What is a "dimacs parser", please? Can you share sample inputs? It seems odd to use #define vector std::vector rather than using std::vector;, along with malloc, manual memory management and pointers. You might want to provide context for why you've avoided most standard C++ idioms here in favor of a "C with vectors" flavor. — ggorlen, CommentedApr 4, 2024 at 21:17
This website contains explanation about dimacs format along with sample dimacs file jix.github.io/varisat/manual/0.2.0/formats/dimacs.html. I am completely new to C++, hence the unidiomatic code. — Sai Charan Marrivada, CommentedApr 4, 2024 at 21:36
I want to conform to simplified dimacs format. The specification is mentioned here web.archive.org/web/20190325181937/https://…. — Sai Charan Marrivada, CommentedApr 4, 2024 at 22:43
@SaiCharanMarrivada You've clarified a lot in the comments (thanks for that--many askers simply disappear). I suggest editing the post to canonize those clarifications, especially the sample inputs and context/specification for what "Dimacs" is and which flavor you're parsing. This way, the question is complete, answerable and standalone, without having to look at the comments. As for being a beginner in C++, no problem, but you might want to elaborate a bit further on that--something like "I'm a beginner in C++ and haven't used any C++ features besides vectors" or similar. Thanks. — ggorlen, CommentedApr 4, 2024 at 23:51
Welcome! Please don't edit the code in the question once it's posted. The reason is that readers will lose context and already posted answers may not contain relevant info anymore. If you'd like post a new version of the code, consider making a new post and linking this post to the new one. — Rish, CommentedApr 5, 2024 at 7:33

Toby Speight · Accepted Answer · 2024-04-12 07:40:25Z

As others have already mentioned, your implementation is more 'C with std::vectors` than C++.

Don't use C headers

<cstdio>, <cstdlib> and <cstring> are all C headers. They still have their place in C++, but in most cases, you can replace them with a better C++ equivalent, or use a more idiomatic mechanism to achieve the same goals.

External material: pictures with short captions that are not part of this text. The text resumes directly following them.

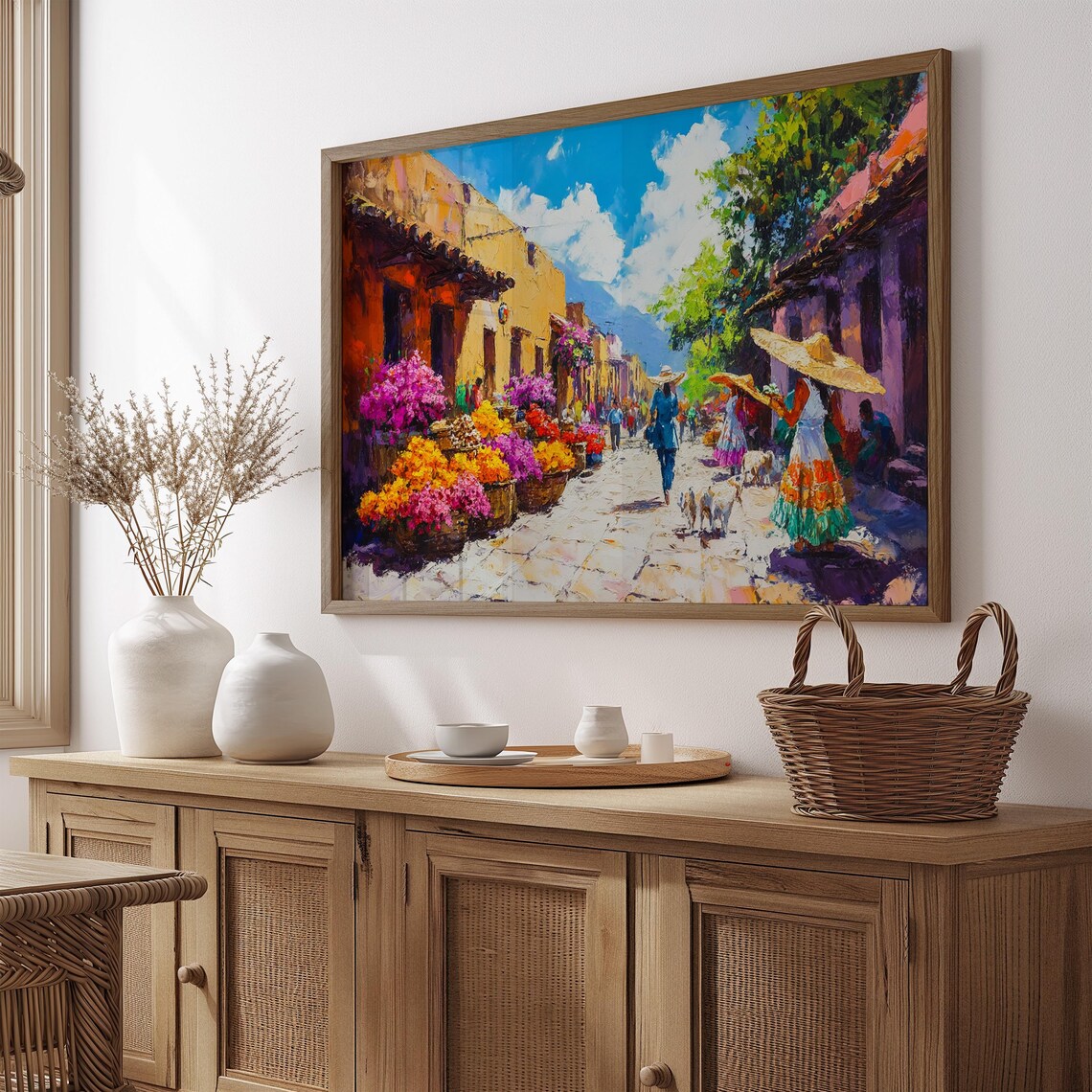 Mexican Art Print, Home Decor Gift For Her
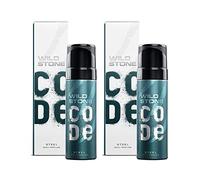 CODE Steel Long Lasting No Gas Body Perfume For Men, Pack Of 2 (150Ml Each), Spray
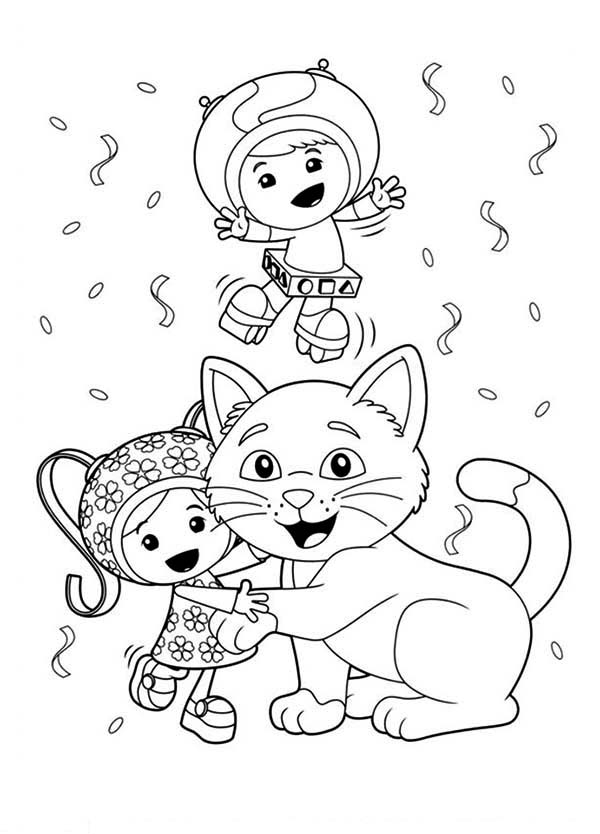 600x834 Team Umizoomi Coloring Pages Free Milli Is Kitten Love In Team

<cstdio> for printf: This can be replaced by using <iostream> and std::cout. If you're C++23, you can use the more ergonomic std::print in <print>.
<cstdlib> for malloc: This can be replaced by using either unique_ptr or shared_ptr in <memory>; even better, use the types already provided by the C++ standard library to deal with managing memory like std::vector or std::string.
<cstring> for memcmp: In your specific case, can probably be replaced by something like std::string or std::string_view's operator==. There's also std::equal.

Don't `#define`

You shouldn't be using #define this way. Really, the convention is to just use the fully qualified name, i.e. std::vector. If you really want to use just vector, consider using using declarations:

using std::vector;

Now you can refer to the type as vector.

One thing you should be careful of is never to use using declarations in a header and/or in the global scope and keep the declaration as local as possible.

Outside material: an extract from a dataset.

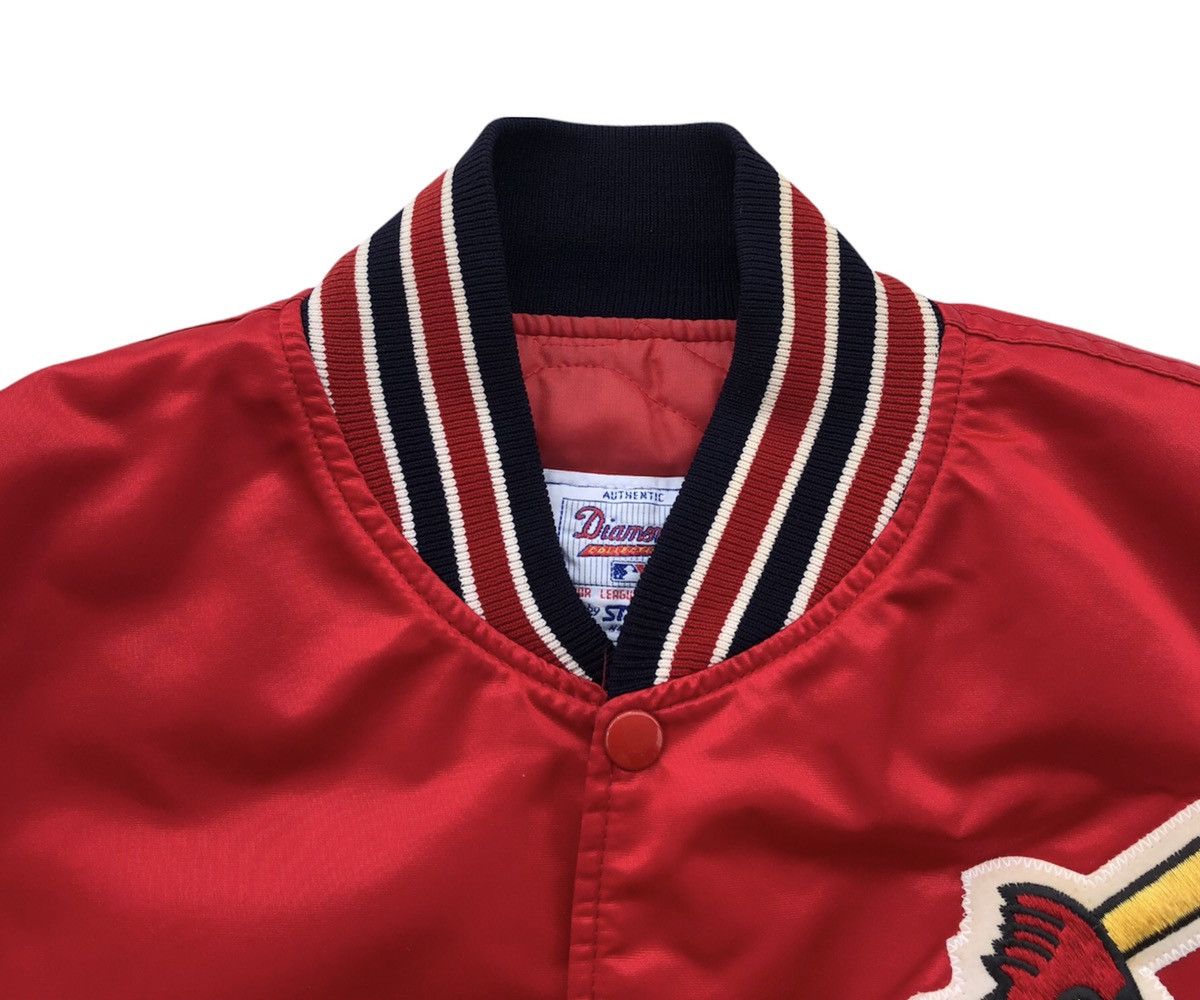 Starter Vintage 90s Starter MLB Louisville Cardinals Baseball Jacket Size US L / EU 52-54 / 3 - 7 Thumbnail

#include <vector> // using std::vector; <- Bad, pollutes the global namespace void my_func() { using std::vector; // Fine, you can use 'vector' within my_func vector<int> vec; } void my_foo() { vector<int> vec; // Oops, doesn't work! }

`typedef struct`

You don't need typedef struct. This is a holdover from C. In C++, you can simply declare it as struct Parser { ... };

Reading the file

There are a couple of issues with the way you're reading the file.

The C way

I'll call your implementation 'the C way'. One problem is the lack of error handling. fread may read less than the desired amount. You need to check whether any occurred or you have EOF by calling ferror and feof respectively, and handle those conditions accordingly.

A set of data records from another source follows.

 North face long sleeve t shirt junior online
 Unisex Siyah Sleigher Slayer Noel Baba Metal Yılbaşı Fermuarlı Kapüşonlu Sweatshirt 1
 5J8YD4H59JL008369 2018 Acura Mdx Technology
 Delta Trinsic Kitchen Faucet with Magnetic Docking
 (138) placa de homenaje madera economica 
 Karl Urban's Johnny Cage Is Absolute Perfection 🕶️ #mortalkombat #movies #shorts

Second, the dimacs[bytes_read] = '\0'; line is writing to memory which doesn't exist, which is undefined behavior. The remedy is this to allocate 1 more than required during malloc.

The C++ way

The idiomatic C++ way of reading a file is using ifstream.

auto file = std::ifstream(argv[1]); if (!file) { // File does not exist, handle accordingly }

You can then read the file into a std::string. There are multiple ways to do it, none of them particularly 'elegant'. See this SO answer for more details.

If you're using C++17 or later, you can also use std::filesystem::file_size to get the size of the file (which calls into the underlying OS' filesystem APIs) instead of relying on fseek or ftell.

Another benefit of using ifstream is that you don't need to worry about doing an fclose at the end, due to RAII. See this SO answer to learn more about RAII.

Allocate on the stack

You allocate the parser object on the heap, but you need to ask if that's really necessary. There are 3 main reasons to allocate on the heap:

You don't know the allocation size until runtime (this is not the case).
The object is large enough that it doesn't make sense to allocate on the stack (this is not the case, and also very unlikely).
The lifetime of the object needs to extend beyond the lifetime of the enclosing scope (again, not the case).

In this case, consider just allocating the object on the stack. Another benefit is that you don't need to do free(parser) at the end, because it will automatically be destroyed when the enclosing scope is destroyed.

Parser parser;

Another issue is that malloc does not initialize the memory it allocates. So you might end up in situations where your fields are initialized to garbage values. lines, nvar, nclauses can be either 0, 5, 42, 20000000, or any other value.

In C++, you can simply initialize the object members inline.

struct Parser { int lines = 0; int nvar = 0; int nclauses = 0; };

Now, whether you allocate on the stack or on the heap (using make_unique), you will end up with sensible default values.

Recursive `skip`

Due the recursive nature of the skip function, it's possible for someone to craft a file in such a way as to cause a stack overflow.

On my MacBook, the stack size is 8MiB. In this case, I just needed to construct an input text file with 300,000 whitespaces to trigger the stack overflow.

$ for i in {0..300000}; do echo ' ' >> test.txt; done $ ./main test.txt [1] 31679 segmentation fault ./main test.txt

Consider implementing it iteratively.

Other general comments

Using reference instead of pointers: Instead of passing Parser* to your functions, consider passing Parser& since it's more idiomatic. It is also more difficult to end up in situation where Parser& points to invalid memory.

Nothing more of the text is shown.